As such, this new sector recommendation fits perfectly with our 'Value'/ cheap stocks call we launched in the fourth quarter of last year.
In terms of oil supply, we are seeing many disruptions and controls: i) the Americans are starting to be more disciplined in shale oil production and are reducing loss-making oil and gas exploration and production; ii) OPEC - especially Russia and Saudi Arabia - appear to be meeting the new quota cut (-500,000 barrels per day) announced in early December; iii) numerous tensions in the Near and Middle East (Saudi Arabia, Iraq, Iran, Libya, Syria, etc.).
A hedge against the risk of a new conflagration in the Middle East
We are amazed at the speed at which the markets seem to be turning the page after the killing of the Iranian General Al Soleimani. A small risk premium has been integrated into oil prices. It is likely that in several countries in the region, the recent skirmishes are just the beginnings of larger conflicts to come (although we obviously do not wish it). In particular, the increasingly united Shia of Iran and Iraq (and Syria, or even Yemen?) will probably do their utmost to ensure that the Americans leave the region, which was also voted on in the Iraqi Parliament. Other tensions are building up or reviving in Libya, Syria and so on.
Thus, against possible new turmoil in the region that could have global repercussions, we believe it is necessary to hedge investment portfolios, especially after the excellent performance of equity markets in general in 2019. Gold is an option but it has already risen strongly. Another hedge we like today is the energy sector.
Technical factors add to our fundamental call
The energy sector, following continued fund outflows in 2019 (see above), its weak momentum, the relatively disappointing results of oil companies in 2019, and the fact that it now represents a very limited weight in the indices, is now the most underweight sector in global portfolios. Any rebalancing would cause considerable fund flows into it. The recent fall in prices therefore seems to be a very good entry point for the sector, in our view.

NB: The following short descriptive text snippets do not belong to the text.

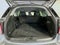 Ford Explorer XLT 2023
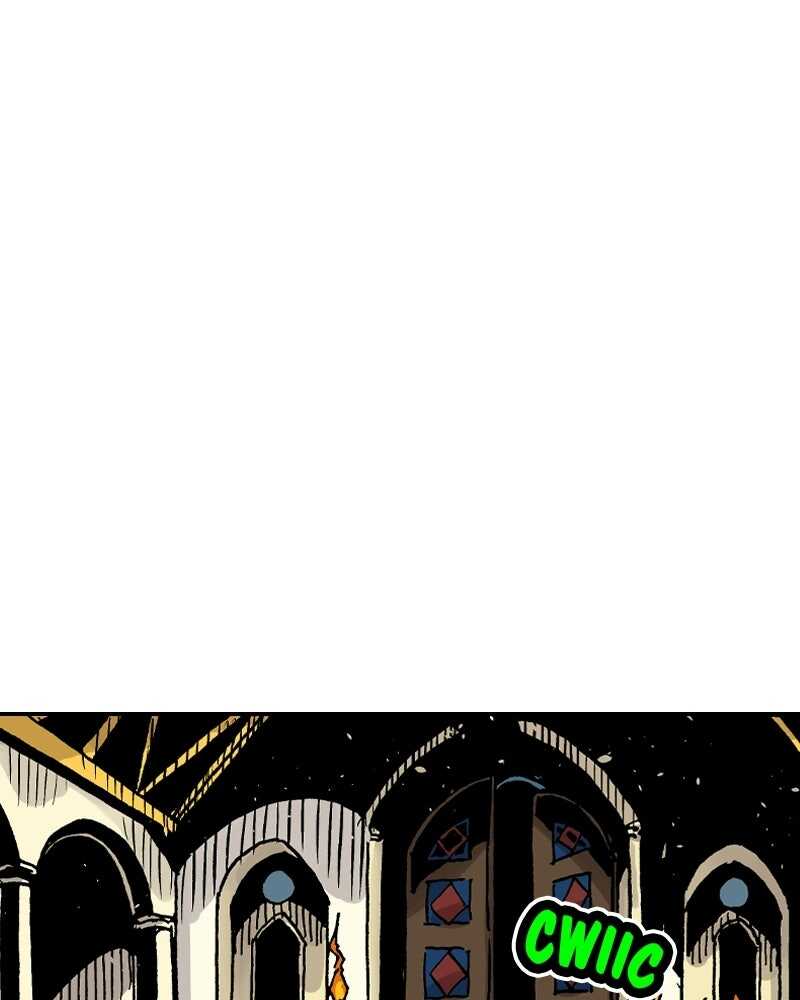 Read Clevatess Scan Manga Online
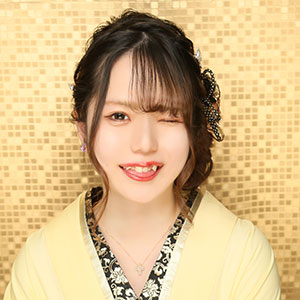 AMATERAS ホットニュース 72897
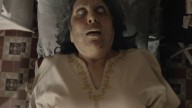 Pakistani Horror Hit 'Deemak' Sets Global Expansion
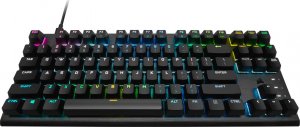 Klawiatura Corsair K60 Pro TKL Corsair OPX (CH-911D01A-NA) 3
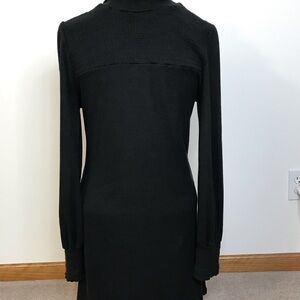 NWT Gilli dress
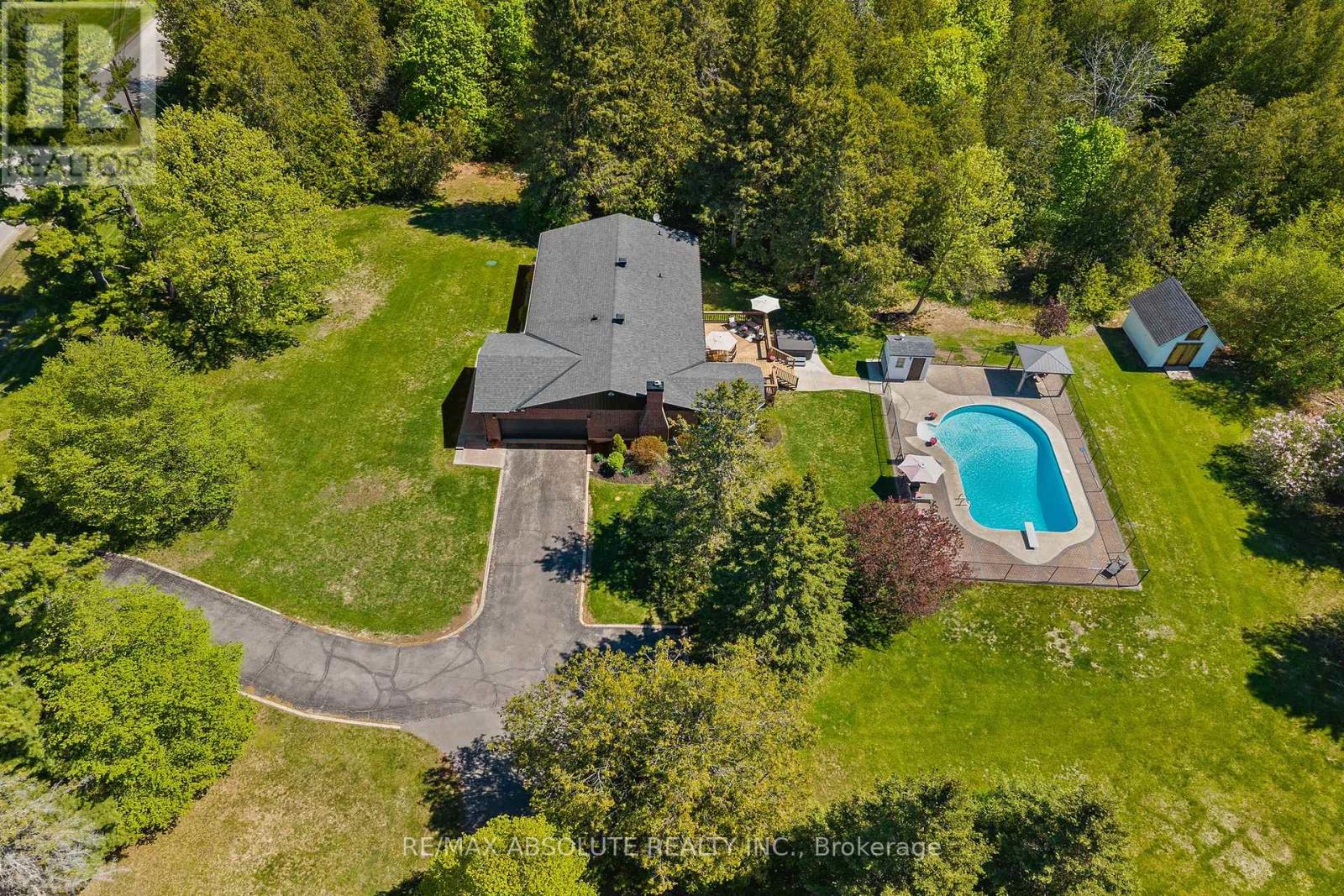 131 BURNS DRIVE - 7
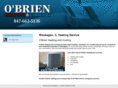 waukeganheatingcooling.com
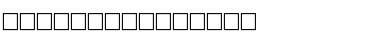 Download ESSENCE Regular Font Title Preview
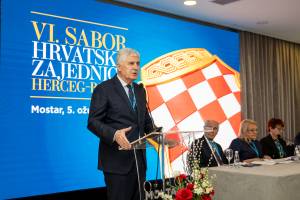 VI-izborni-sabor-Hrvatske-zajednice-Herceg-Bosne-77_original
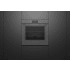 Fisher &amp; Paykel Series 9 OB30SMPUG3 - 30 Inch Series 9 Minimal Self-Cleaning Oven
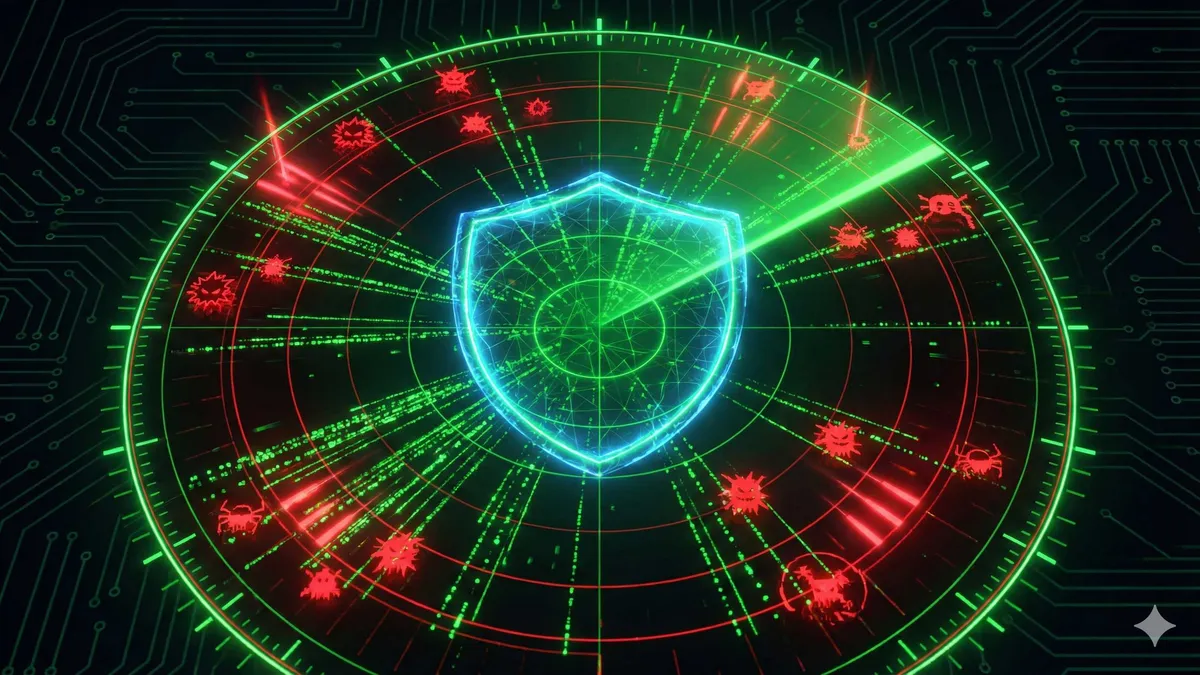 AdSense 无效流量防护指南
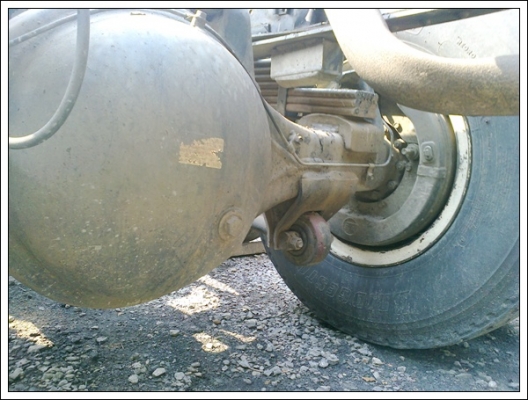 ขายรถบรรทุกหัวคัทซี MITSUBISHI FN528 EURO I เครื่อง 195 แรง 2 เพลา ทะเบียนพร้อมโอน ขายรถบรรทุกหัวคัทซี MITSUBISHI FN528 EURO I เครื่อง 195 แรง 2 เพลา ทะเบียนพร้อมโอน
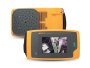Акустический течеискатель Fluke ii900 купить по низкой цене | МАКСПРОФИТ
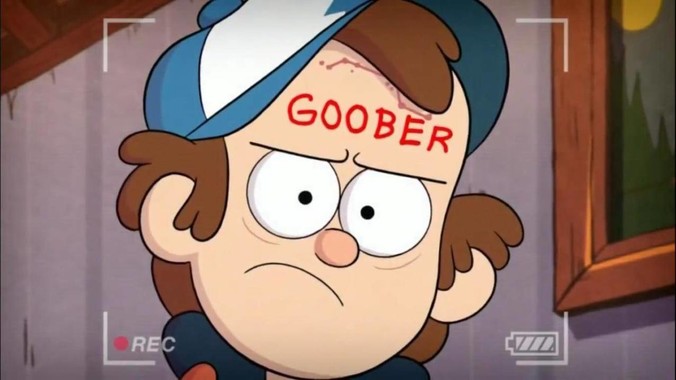 以军要求以全境民众进避难所，伊朗称初步估计本轮袭击使用了 30 枚导弹，以防空系统还能坚持多久？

Large oil companies ('the Majors') are generating so much cash that, in addition to fat dividends, they can now launch sizeable share buybacks or deleveraging in order to optimise their balance sheets.
Looking at Schlumberger's results published on 17 January 2020, it appears that the worst is behind this industry. Although a strong pick-up in projects is not expected in the short term, it is clear that due to the notorious underinvestment in the sector in recent years, any rebound in oil prices would lead to new, juicy projects for oil services and an explosion in margins. It is probably time to look closely at this industry, which in some cases even pays good dividends!